Bowing to political pressure, Apple (AAPL) already updated its age rating for the app from the original“4+” to “12+” based on its perceived violence. Sen. Chuck Schumer (D-NY) had called on Apple to raise the age requirement to “17+”, but called Apple’s move “a step in the right direction.”
Schumer and other New York politicians pointed out the distasteful nature of the apps release on the first month anniversary of Sandy Hook, as well as NRA chief Wayne LaPierre’s hypocrisy after he blamed video games—not guns—for the massacre in Newtown, Conn.
“It’s the height of hypocrisy,” New York Mayor Michael Bloomberg said.
While the NRA’s timing could have been better, the app itself is rather tame when compared to others available in the Apple (NASDAQ:AAPL) App Store. Unlike most first-person shooter games, the action takes place at a firing range with no living targets. Users have their choice of firearms and gun safety tips pop up throughout gameplay.
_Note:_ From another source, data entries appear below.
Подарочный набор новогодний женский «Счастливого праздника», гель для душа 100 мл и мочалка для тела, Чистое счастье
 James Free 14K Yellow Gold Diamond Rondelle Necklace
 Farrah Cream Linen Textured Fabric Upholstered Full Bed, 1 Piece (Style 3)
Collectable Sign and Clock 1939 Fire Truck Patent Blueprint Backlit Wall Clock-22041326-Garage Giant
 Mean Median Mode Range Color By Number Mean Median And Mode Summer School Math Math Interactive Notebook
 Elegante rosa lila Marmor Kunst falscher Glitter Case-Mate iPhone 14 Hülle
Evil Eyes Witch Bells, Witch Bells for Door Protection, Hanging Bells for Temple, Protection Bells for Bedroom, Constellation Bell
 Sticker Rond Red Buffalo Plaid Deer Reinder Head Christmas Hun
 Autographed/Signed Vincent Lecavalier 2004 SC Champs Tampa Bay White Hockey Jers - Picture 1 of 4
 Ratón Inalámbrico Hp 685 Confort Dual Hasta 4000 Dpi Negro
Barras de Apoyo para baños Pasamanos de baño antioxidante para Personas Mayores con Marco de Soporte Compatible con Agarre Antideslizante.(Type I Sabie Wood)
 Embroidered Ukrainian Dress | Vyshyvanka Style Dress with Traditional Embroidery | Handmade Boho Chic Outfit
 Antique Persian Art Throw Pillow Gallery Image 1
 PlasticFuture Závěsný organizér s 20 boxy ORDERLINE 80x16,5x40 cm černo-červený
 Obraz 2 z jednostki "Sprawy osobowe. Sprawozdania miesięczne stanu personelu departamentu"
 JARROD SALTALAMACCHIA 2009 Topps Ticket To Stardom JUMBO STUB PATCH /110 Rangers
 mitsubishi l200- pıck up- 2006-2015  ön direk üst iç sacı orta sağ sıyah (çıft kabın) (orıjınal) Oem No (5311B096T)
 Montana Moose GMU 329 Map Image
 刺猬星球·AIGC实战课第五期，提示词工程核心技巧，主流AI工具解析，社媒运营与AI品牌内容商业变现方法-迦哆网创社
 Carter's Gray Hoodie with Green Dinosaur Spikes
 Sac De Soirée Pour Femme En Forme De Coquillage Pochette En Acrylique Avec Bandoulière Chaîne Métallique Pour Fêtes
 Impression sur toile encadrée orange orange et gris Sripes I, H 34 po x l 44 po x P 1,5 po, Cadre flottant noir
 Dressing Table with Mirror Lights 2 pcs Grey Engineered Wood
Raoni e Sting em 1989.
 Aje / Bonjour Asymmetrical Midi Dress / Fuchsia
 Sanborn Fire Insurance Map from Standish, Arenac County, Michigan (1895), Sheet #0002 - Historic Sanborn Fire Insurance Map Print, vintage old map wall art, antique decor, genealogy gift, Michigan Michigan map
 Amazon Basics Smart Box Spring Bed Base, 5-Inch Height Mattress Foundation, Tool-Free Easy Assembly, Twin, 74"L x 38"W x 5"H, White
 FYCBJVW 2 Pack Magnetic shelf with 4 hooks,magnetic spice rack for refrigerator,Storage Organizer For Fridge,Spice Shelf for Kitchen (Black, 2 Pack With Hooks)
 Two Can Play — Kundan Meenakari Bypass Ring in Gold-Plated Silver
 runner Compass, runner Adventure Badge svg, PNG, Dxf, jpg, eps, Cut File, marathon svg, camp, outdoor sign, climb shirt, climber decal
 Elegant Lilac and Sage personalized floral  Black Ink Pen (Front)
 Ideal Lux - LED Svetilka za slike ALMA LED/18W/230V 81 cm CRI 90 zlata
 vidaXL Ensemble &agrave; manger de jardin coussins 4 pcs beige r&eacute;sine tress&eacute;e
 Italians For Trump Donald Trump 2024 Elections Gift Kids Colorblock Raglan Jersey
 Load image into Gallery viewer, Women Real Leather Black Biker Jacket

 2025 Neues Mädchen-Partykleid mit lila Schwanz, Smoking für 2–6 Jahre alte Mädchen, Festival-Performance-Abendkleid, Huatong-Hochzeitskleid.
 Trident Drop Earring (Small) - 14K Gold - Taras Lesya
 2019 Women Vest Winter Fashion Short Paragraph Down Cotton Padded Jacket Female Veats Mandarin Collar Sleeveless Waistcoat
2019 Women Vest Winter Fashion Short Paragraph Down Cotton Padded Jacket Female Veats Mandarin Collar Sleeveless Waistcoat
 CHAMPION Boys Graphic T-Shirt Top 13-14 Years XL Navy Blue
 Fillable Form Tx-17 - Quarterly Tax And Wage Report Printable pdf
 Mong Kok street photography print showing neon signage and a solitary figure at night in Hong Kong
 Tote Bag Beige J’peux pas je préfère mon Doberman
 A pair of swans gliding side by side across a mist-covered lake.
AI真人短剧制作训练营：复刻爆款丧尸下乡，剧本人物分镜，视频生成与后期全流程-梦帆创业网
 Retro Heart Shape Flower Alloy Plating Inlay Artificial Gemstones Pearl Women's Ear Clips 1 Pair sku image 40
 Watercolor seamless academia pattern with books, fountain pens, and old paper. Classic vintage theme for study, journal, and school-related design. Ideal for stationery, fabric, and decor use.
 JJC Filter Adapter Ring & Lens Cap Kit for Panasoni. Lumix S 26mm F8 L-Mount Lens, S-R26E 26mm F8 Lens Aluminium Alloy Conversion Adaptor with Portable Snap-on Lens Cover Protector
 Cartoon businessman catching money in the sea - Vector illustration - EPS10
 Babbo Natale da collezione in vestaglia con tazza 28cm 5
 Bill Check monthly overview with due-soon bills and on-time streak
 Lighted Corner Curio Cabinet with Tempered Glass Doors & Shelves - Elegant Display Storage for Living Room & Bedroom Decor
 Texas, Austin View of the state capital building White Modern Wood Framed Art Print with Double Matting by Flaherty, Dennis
Any alleged “violence” pales in comparison to games such as Grand Theft Auto, Kindergarten Killer and Splatterhouse. In fact, as one CNET reader posted, “The game is no more violent than Duck Hunt.”
Is it really the app that has sparked such controversy, or the fact that it’s sponsored by the NRA? If the game had released Jan. 14 under the simple title “Practice Range,” would anyone have blinked an eye? And if Apple (AAPL) folds to public pressure and pulls the app, what games are next? Could it be a first step toward curbing video game violence? Or simply liberal revenge on a conservative giant that refuses to compromise?